A girlfriend’s new relationship shouldn't turn your world upside down. Engagement updates, wedding photos and new baby announcements used to really put you out on Facebook. Pictures of an engaged couple riding through the city on beach cruisers wearing Converse sneakers and hipster frames used to put you into the wide-eyed panic state of a single girl. Honeymoon sunset photos once put you into emotional paralysis. You had just returned from Hawaii with mom and dad, and you're faced with the reality that other 28 year olds are actually taking grown up vacations.
Living the Single Life
It’s all fine and dandy though because you’ve got your girlfriends. All single and miserable just like you. Just a blanket of security reassuring you that you’re not the only gal flying solo in the world secretly fearing a life of solitude. Then, that one Match.com first date seems to have worked out well for your one friend, and your best friend’s blind date has suddenly become her boyfriend. You're without any prospects. The formidable single girls troupe is crumbling, and one by one, girls are crossing over to the other side.
Controlling Through Guilt
As you watch your friends transition from #lovemysingleladies to relationship territory, you probably experience a rush of negative emotions.
Jealousy. Abandonment. Loneliness. Fear. Self-pitty. Harsh, right?
The more you allow these feelings to overwhelm you and your mindset, the more your happiness and friendships suffer. By not identifying these emotions, your feelings could manipulate your thoughts into unwitting blame and resentment toward a friend. “You’re choosing your new boyfriend over me!” “We don’t hang out like we used to!” Through the power of guilt, you may try to control the situation and prevent a friend from being happy, and what kind of person does that make you? Don’t we all deserve to be happy?

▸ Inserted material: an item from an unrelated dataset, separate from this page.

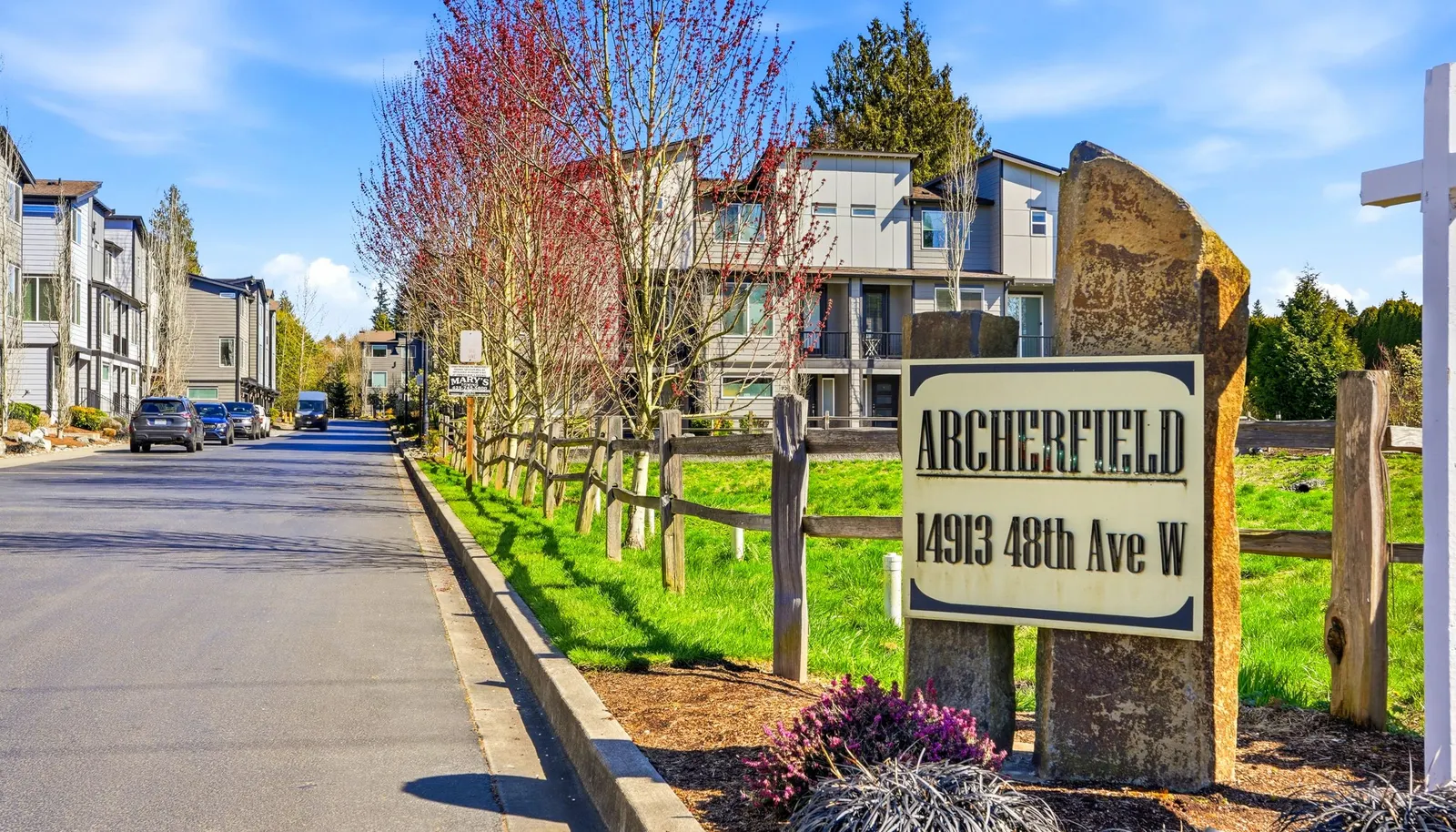 The Archerfield community offers shared green spaces. Trails and nature preserve are just moments from your doorstep.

Handling Change When Your Friends Invest in New Relationships
Change is scary, and a new relationship undoubtedly changes the dynamic of a friendship. Rather than fight change, embrace it. Making your friend and friendship suffer because of her new relationship doesn’t make you any happier or closer to finding love. As the world turns, life is constantly in a state of flux, and you have the choice to either embrace change no matter how uneasy it makes you feel or fight it. Accept the new dynamic in your friendship and foster it with positive energies. Your friend’s new relationship isn’t the end of the world and no reason to feel devastated.

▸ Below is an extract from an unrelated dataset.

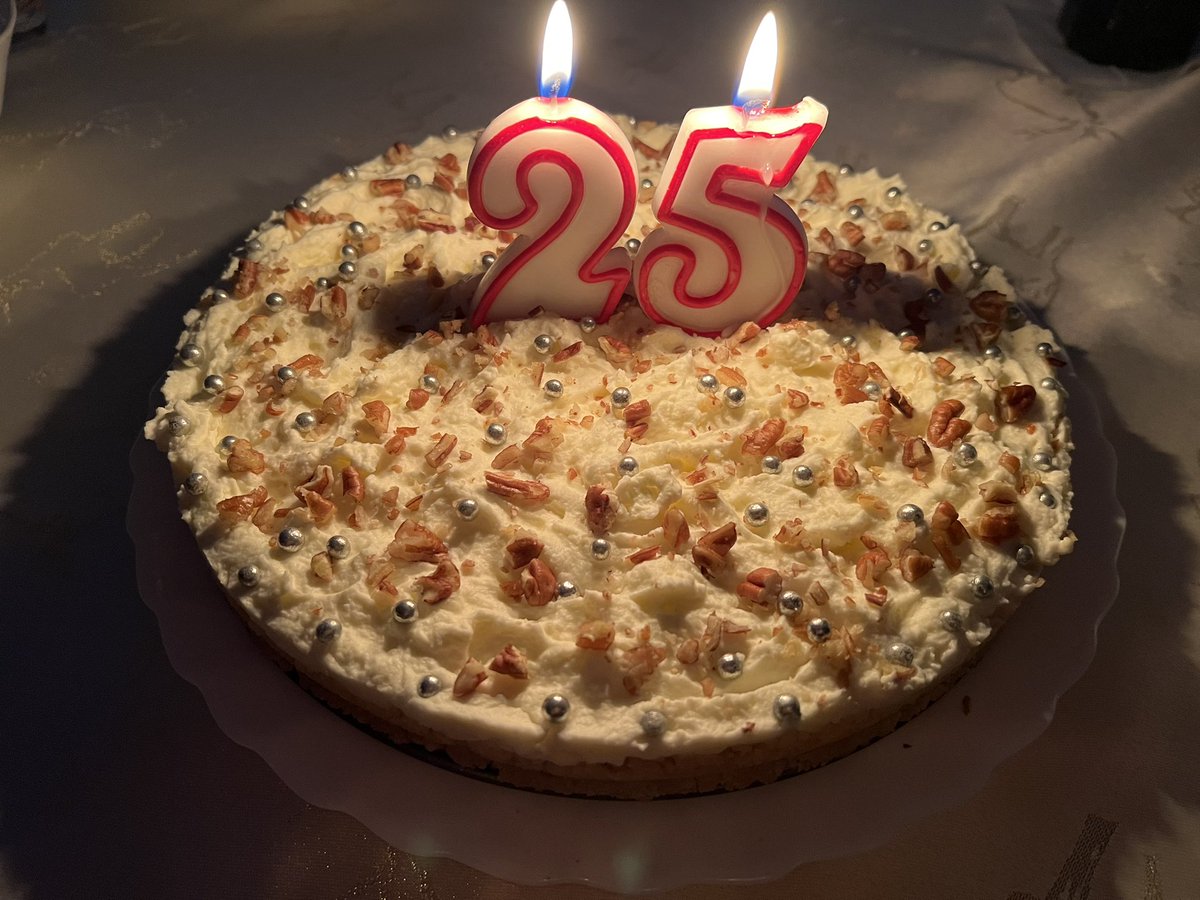 belle | 🦋 🦠 tweet media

Perhaps without your best friend at your side, you have some extra free time. Observe this time as an opportunity to learn how to enjoy your own company and build a sense of independence. Challenge your mental and physical capabilities by training for a half marathon. Join a book club and gain new perspectives by reading.
As we grow older, more and more friends will be pairing off. You may just end up being next, and wouldn’t you want your loved ones to be happy for you?